Molekularbiologie und Biotechnologie sind nicht nur bei der Erforschung und Entwicklung neuer Medikamente und Therapien unverzichtbar, sondern auch bei der Forensik und Aufklärung von Verbrechen von zunehmender Bedeutung. So sammelt die Spurensicherung am Tatort seit einiger Zeit routinemäßig auch Material für DNA-Analysen, um über einen Vergleich mit Datenbanken und Tatverdächtigen zur Täterermittlung oder zur Entlastung von Tatverdächtigen beizutragen. Hierbei gibt es immer mehr technische Möglichkeiten.

Laborgefäß mit gelöster DNA, aus der ein Forscher mit einer Pipette Flüssigkeit entnimmt. In Hintergrund ist eine Gensequenz so gezeigt, wie ein Sequencer sie darstellt. (© Bayer Schering Pharma)
Mit klassischen Labormethoden lässt sich bereits seit längerem feststellen, ob eine Tatortprobe Blut, Speichel oder Sperma enthält. Um weitere Informationen aus einer DNA-Probe abzuleiten, wird derzeit die molekularbiologische Forschung in den forensischen Labors vorangetrieben.

Neu sind beispielsweise erste Erkenntnisse, um anhand der mRNA-Moleküle festzustellen, aus welchem Gewebe die Erbgutprobe stammt. mRNA – abgekürzt für messenger RNA (Boten-RNA) – ist das RNA-Transkript eines zu einem Gen gehörigen DNA-Abschnitts, das im Zuge der Proteinsynthese als Zwischenstufe zwischen Gen und Protein im Zellkern gebildet wird. Da in jedem Gewebetyp unterschiedliche Gene aktiv sind und nur für die aktiven Gene mRNA gebildet wird, kann man aus der vorhandenen mRNA ablesen, mit welchem Gewebetyp man es zu tun hat. So kann mittlerweile sogar schon zwischen venösem Blut und beispielsweise Menstruationsblut unterschieden werden. Denn selbst Blut ist nicht gleich Blut.

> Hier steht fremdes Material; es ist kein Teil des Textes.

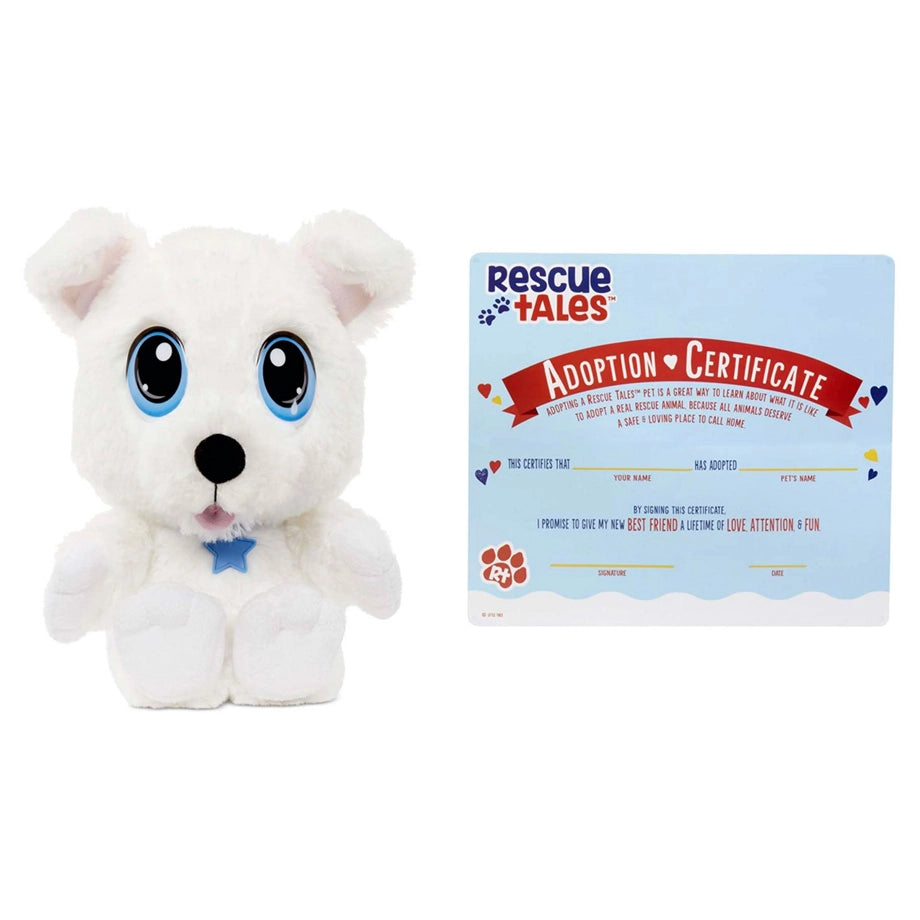 Little Tikes Rescue Tales Cuddly Pup Maltese (W2)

Die Forscher arbeiten darüber hinaus derzeit auch daran, den genauen Zeitpunkt zu bestimmen, zu dem eine DNA-Spur hinterlassen wurde. Dies könnte insbesondere bei Blut funktionieren, da anhand der tagesrhythmischen Schwankungen bestimmter Hormone wie Melatonin oder Kortisol der Zeitpunkt ableitbar sein könnte, von dem das Blut am Tatort stammt. Allerdings müssen bei diesem Ansatz auch individuelle Faktoren wie Stress berücksichtigt werden, die sich auf Biorhythmus und Hormonkonzentrationen auswirken können.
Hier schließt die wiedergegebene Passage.